Un diario de preguntas existenciales
Manifiesto a la vez político y artístico, el nuevo film del director de Cabeza de palo expresa su relación con el cine y lo sagrado.
La historia que cuenta el cineasta Ernesto Baca en Réquiem para un film olvidado tiene su inicio en una fecha muy precisa y de perfil profético: 12-12-12. Ese día, el 12 de diciembre de 2012, la multinacional Kodak discontinuó la producción de película para cine, demoliendo sus plantas productoras. Por eso la palabra “film” en el título resulta precisa e irremplazable: Baca se apresta a narrar la historia personal de su vínculo no solo con el cine, sino con el film, ese soporte físico y vital que signó los primeros cien años de historia del arte de la imagen en movimiento.
Baca es un artista que milita por aquellos formatos tradicionales que el devenir tecnológico ha declarado obsoletos y Réquiem para un film olvidado –que se dice inspirado nada menos que en La sociedad del espectáculo, el radical texto de Guy Debord– es un manifiesto a la vez político y artístico. Un acto de magia, en tanto el director de Cabeza de palo (2002) entiende al cine como la manufactura de lo maravilloso, pero también como un acto de resistencia en la batalla contra la extinción. Construida a partir de las herramientas del cine experimental, que en sus manos parecen producir resultados no muy distintos de los obtenidos por precursores del género como Narcisa Hirsch o Claudio Caldini en la efervescente década de 1970, la película representa un verdadero desafío para el espectador actual. La narrativa de Baca es arborescente, deambulante al punto de muchas veces parecer inconexa. Pero en ese dejar fluir su propio relato el director va acumulando ideas y preguntas, aunque a veces su prosa se vuelve algo excesiva, recargada.
Entre las muchas ideas que propone, Baca relaciona el concepto de lo maternal, ese núcleo que representa el propio origen y la conformación de una identidad, con lo que para él mismo en tanto artista significan los formatos experimentales del cine analógico, en particular el Super 8. Del mismo modo compara el cambio de costumbres que implicó su conversión a la religión hindú siendo parte de una familia de tradicional base católica, con el cambio que representa el paso del celuloide al digital en el cine. Alteraciones que para un cineasta radical implican antes un cambio de fe que una mera modificación en las condiciones de trabajo. Porque Baca parece relacionarse con el cine del mismo modo en que se relaciona con lo sagrado, como si de algún modo las películas encarnaran la parte trascendente de su forma de transitar lo humano.

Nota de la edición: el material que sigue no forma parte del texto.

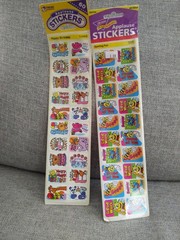 VTG 90s Teacher Sticker Lot Carson-Dellosa Trend Reward Incentive – New & Used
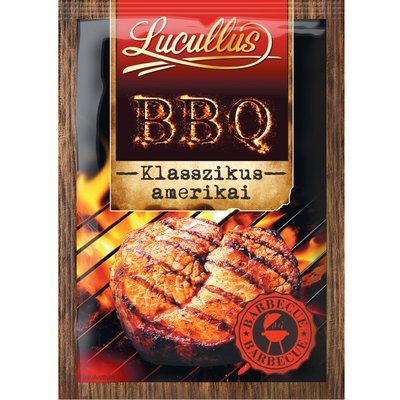 Image of LUCULLUS BBQ KLASSZIKUS AMERIKAI FŰSZERSÓ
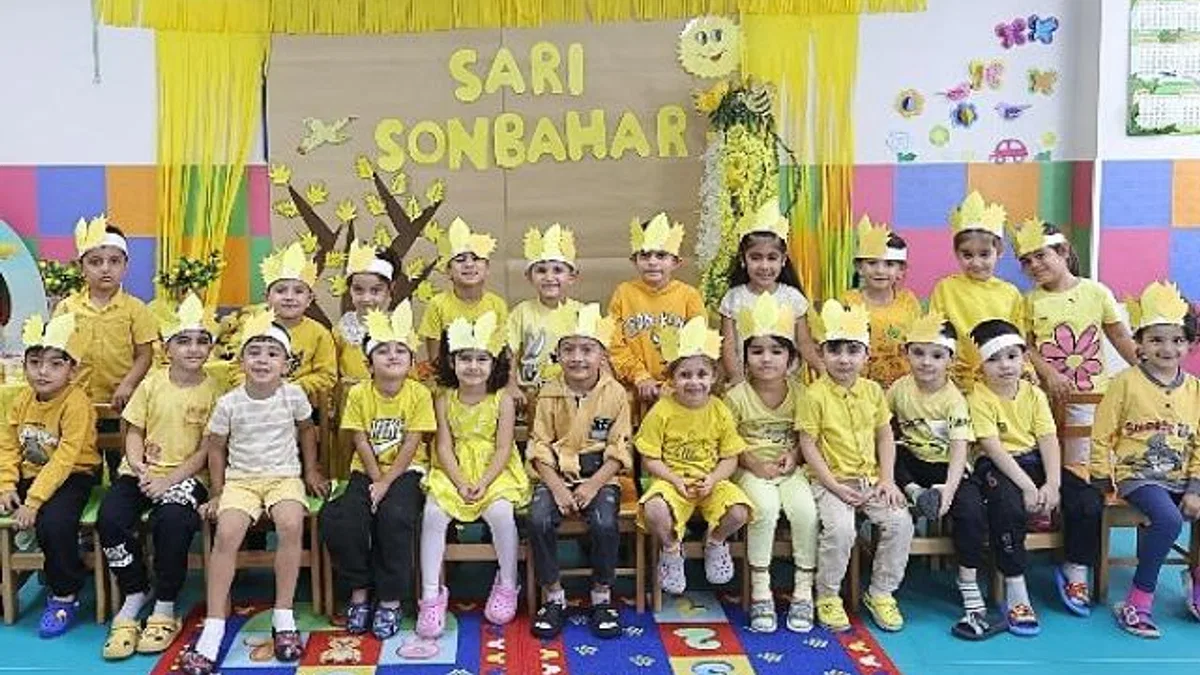 Konaklı minikler “Sarı Sonbahar” ile hem eğlendi hem öğrendi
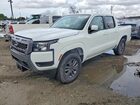 2025 Nissan Frontier S White vin: 1N6ED1EJ6SN628441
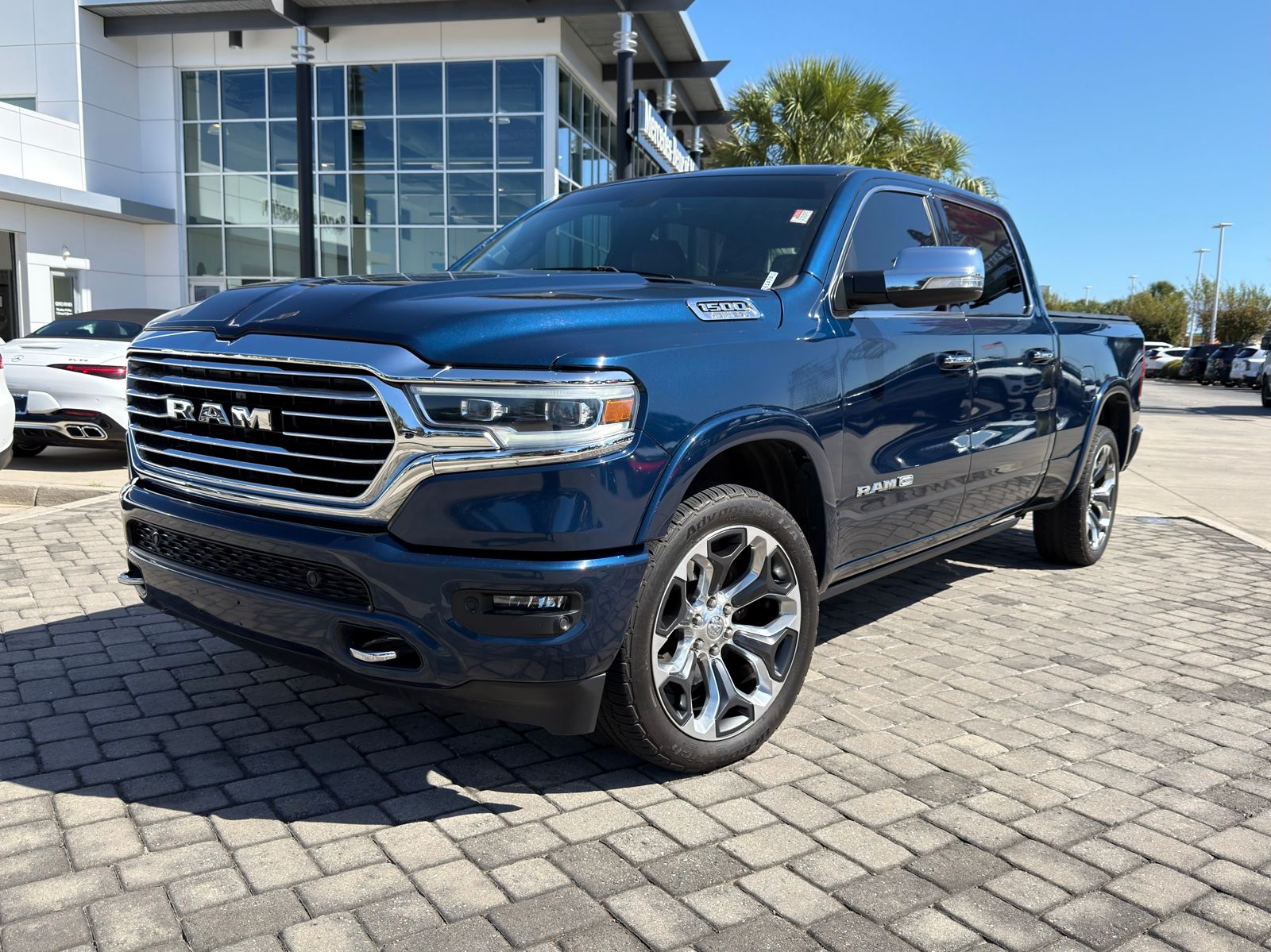2020 Ram 1500 Laramie Longhorn photo 2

Sin embargo, hay mucho de digital en el cine de base analógica de Baca. En su extraordinaria banda sonora se superponen una cantidad de sonidos muchas veces cercanos a géneros de la música electrónica como el noise o el industrial, que generan el ambiente ideal para los alucinados montajes de Baca. Pero al mismo tiempo resultan ambiguos en relación con su manifiesto de artesano pre digital. A esta aparente contradicción responde el propio director, ya pasada la primera mitad de la proyección: “Madre, ninguna cultura está separada de otra. Esto es una ilusión. Ninguna cultura es mejor que la otra. Esto es otra ilusión. Todas tienen sus propios fines y solo tomamos de ellas lo que de verdad nos sirve.”

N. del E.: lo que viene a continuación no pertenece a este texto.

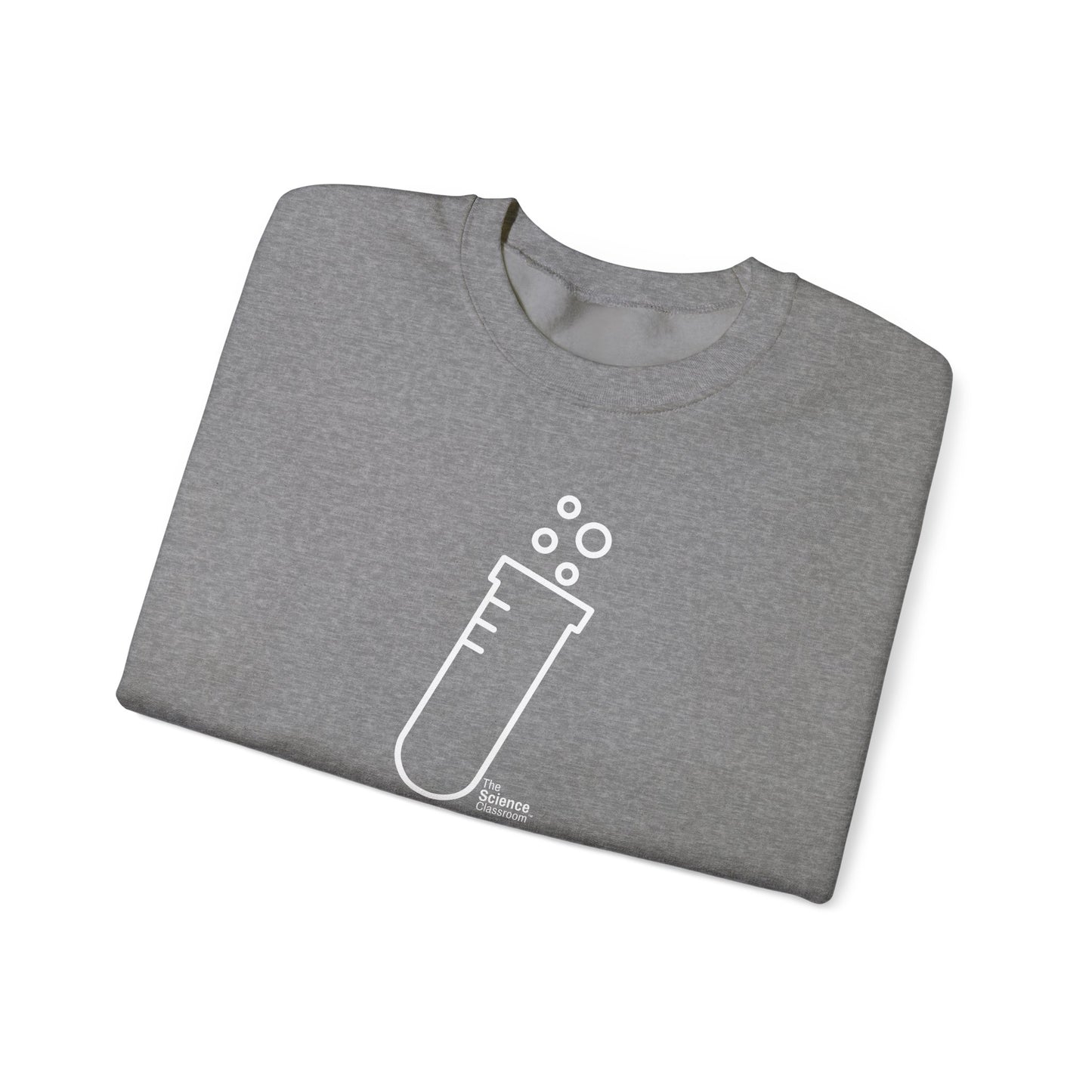 Outline Logo Crewneck | The Science Classroom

De esta forma Réquiem por un film olvidado no solo es el registro de una búsqueda estética y cinematográfica, sino un diario de preguntas existenciales que alimentan una búsqueda mayor, algo que con ligereza reduccionista podría entenderse como el sentido de la vida. Y en el medio una declaración de principios que es a la vez un grito desesperado: “No busco público: busco testigos.”